As Black Tap Coffee acknowledged in a recent tweet, yesterday’s debut of a new coffee dripper is likely to leave non-obsessives cold.
But for folks with strong opinions about how to construct the perfect cup of pour over coffee, the shop’s switch to Kalita Wave – a piece of equipment pioneered in Japan – is cause for celebration.
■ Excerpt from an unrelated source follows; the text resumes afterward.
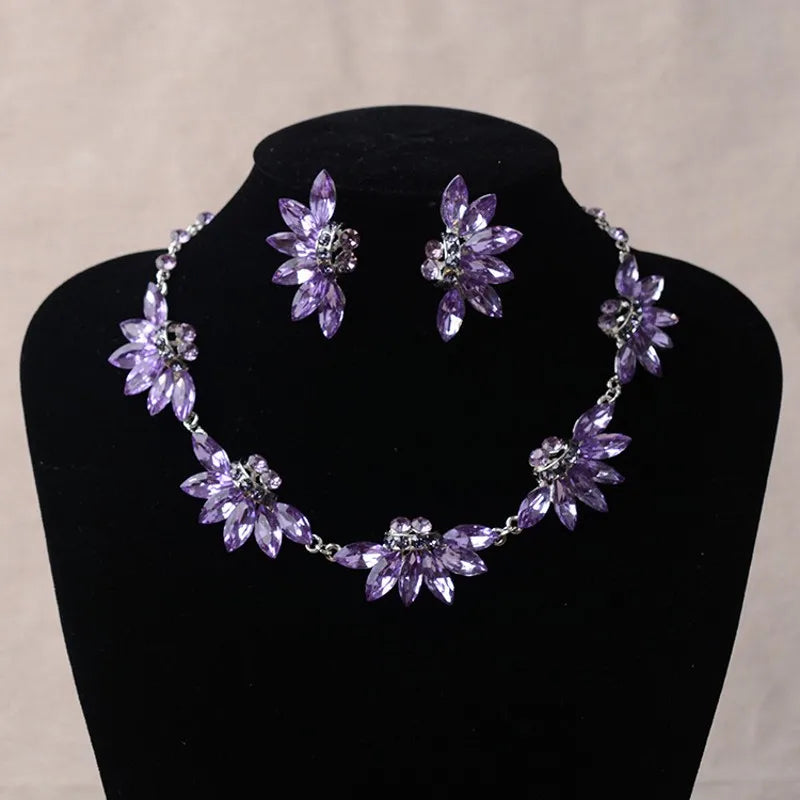 Baroque Purple Crystal Leaf Bridal Jewelry Sets Luxury Rhinestone Choker Necklace Earrings Set Wedding Dubai Jewelry Set Bijoux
Already popular in hardcore coffee circles, the Wave’s reputation skyrocketed in April after Erin McCarthy used the gadget to win the 2013 US Barista Championship.
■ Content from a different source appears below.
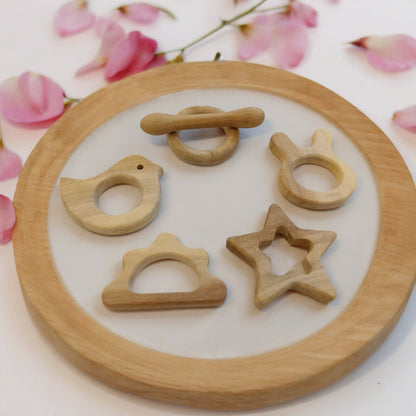 Soothing Teethers Made From Pure Neem Wood For Babies – Baby Teethers & Soothers on Brown Living™. SKU: T_STR-CLD-DV-BNY-DBL-RNG. Img 1.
Black Tap’s Ross Jett says the victory helped secure the Wave a spot behind his café’s counter.
“With the recent success of the Kalita Wave at the world Brewer’s Cup, we decided to get one to try it out,” Jett e-mails. “Also, one of our baristas runs a pop-up bar at The Elliotborough Mini Bar and has been using them there.”
Pour-over coffee works exactly like it sounds: Water is poured over freshly-ground beans in a cone. Its acolytes say pour-over, or hand-brewed, coffee is cleaner, fresher and more aromatic than the joe produced by a French press, espresso maker or automatic drip unit, like the one you might keep in your kitchen. Pour-over tends to get plenty of attention in summertime, because it’s the recommended method for making iced coffee. But Black Tap Coffee, like many serious coffeehouses around the world, is exclusively pour-over year-round.
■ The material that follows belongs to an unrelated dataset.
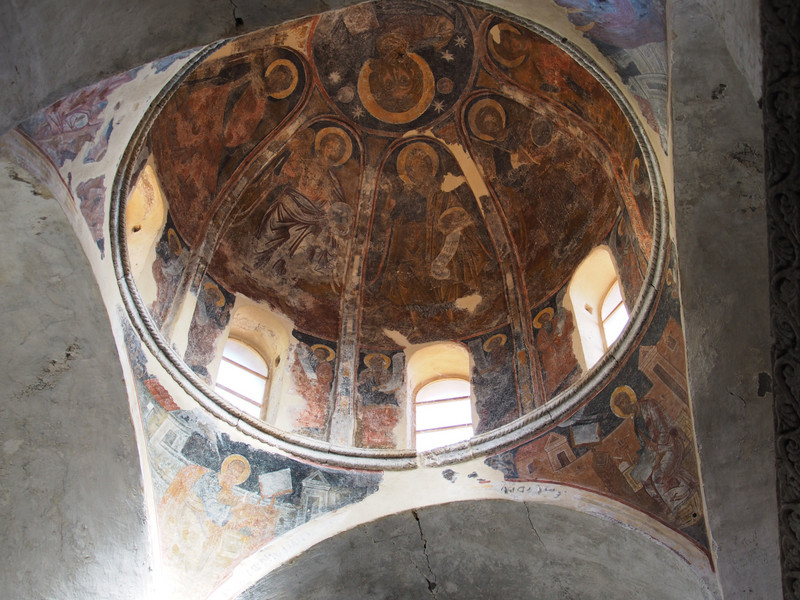 Mystras church vaulted roof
The simplicity of the process, though, means it’s nearly impossible to conceal problems created by faulty equipment.
“For the first couple weeks we opened, we used the Hario V60s,” Jett recalls. “I could expound on the many reasons why, but the V60s are terrible brewers.”
After junking the V60s, Black Tap used Bonmac two-hole ceramic drippers, which Jett credits with making “a great cup.” The Kalita Wave, though, has drawn near-universal praise for its flat-bottomed design, which is supposed to create a more complex coffee.
“The consistency and fool-proof nature swayed us to make a permanent switch here at Black Tap,” Jett explains.